SHARE MORE MASSACRES, WARFARE LIKELY IN RWANDA, COMMANDER SAYS

The beleaguered commander of the U.N. forces in Rwanda offered a grim assessment Friday: More massacres and warfare are likely and 2.5 million displaced civilians are rapidly running out of food.

"The horror show continues," Maj. Gen. Romeo Dallaire bluntly told a news conference in Nairobi, a day after he came out of Rwanda for a brief respite.Dallaire said desperate Rwandans have been begging him for protection, but his 450-man force is too small to prevent the ongoing slaughters, including two mass killings of Roman Catholic clergymen this week.

"People are writing to us, begging us, for security. And we tell them we just can't get there," Dallaire said. "It's not going to stop unless we get a cease-fire and we get troops on the ground who can monitor the cease-fire."

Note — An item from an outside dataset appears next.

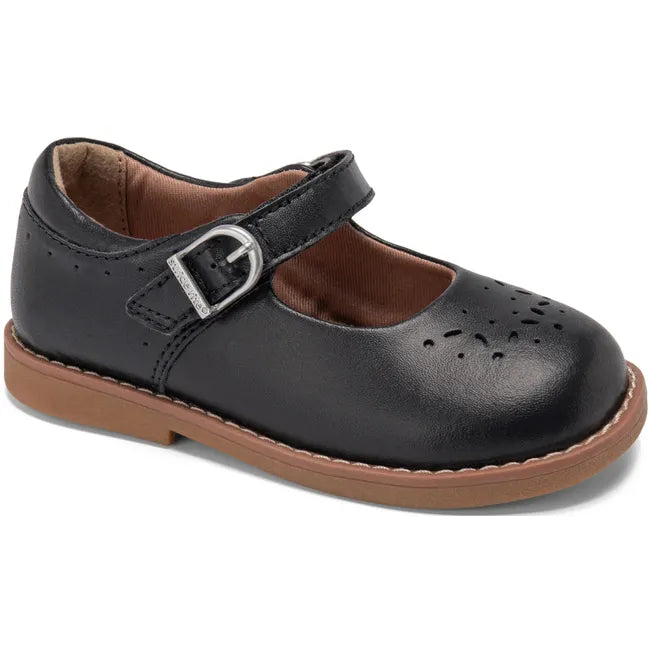 Angled view of Stride Rite Kids' Mara Mary Jane Shoe in Black Leather with velcro strap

The U.N. Security Council on Wednesday authorized 5,500 peacekeepers to go to Rwanda, but they are not expected for weeks.

On almost every front, conditions are likely to get worse in Rwanda before they get better, according to Dallaire, who has been in the capital of Kigali since the ethnic massacres began two months ago.

An estimated 200,000 people have been killed, most of them civilians from the minority Tutsi ethnic group slaughtered by the government-trained militias from the majority Hutus.

Government troops are well-entrenched in the center of Kigali, the capital, and in Gitarama, 25 miles to the southwest, where a self-appointed interim government is based.

But rebels of the Rwanda Patriotic Front, a mostly Tutsi group, have largely surrounded the government forces in both strongholds.

Dallaire has been holding cease-fire talks but conceded, "I still see some fighting to come."

The perilous situation has driven most aid groups out of Rwanda, and an estimated 2.5 million displaced civilians are running low on food. The figure includes an estimated 500,000 children whose parents have either been killed or lost in the upheaval.

Dallaire said he's starting to see children in Kigali with bloated bellies, a warning sign of starvation. Hunger-related deaths already have been reported in the south.

"We have to start stockpiling (food) now," he said, noting the nearest port is Mombasa in Kenya, more than 625 miles from the landlocked central African nation.

Most of the displaced people are in the southwest near the Burundi border, and aid groups say it will be difficult to set up feeding operations until the civilians can settle down.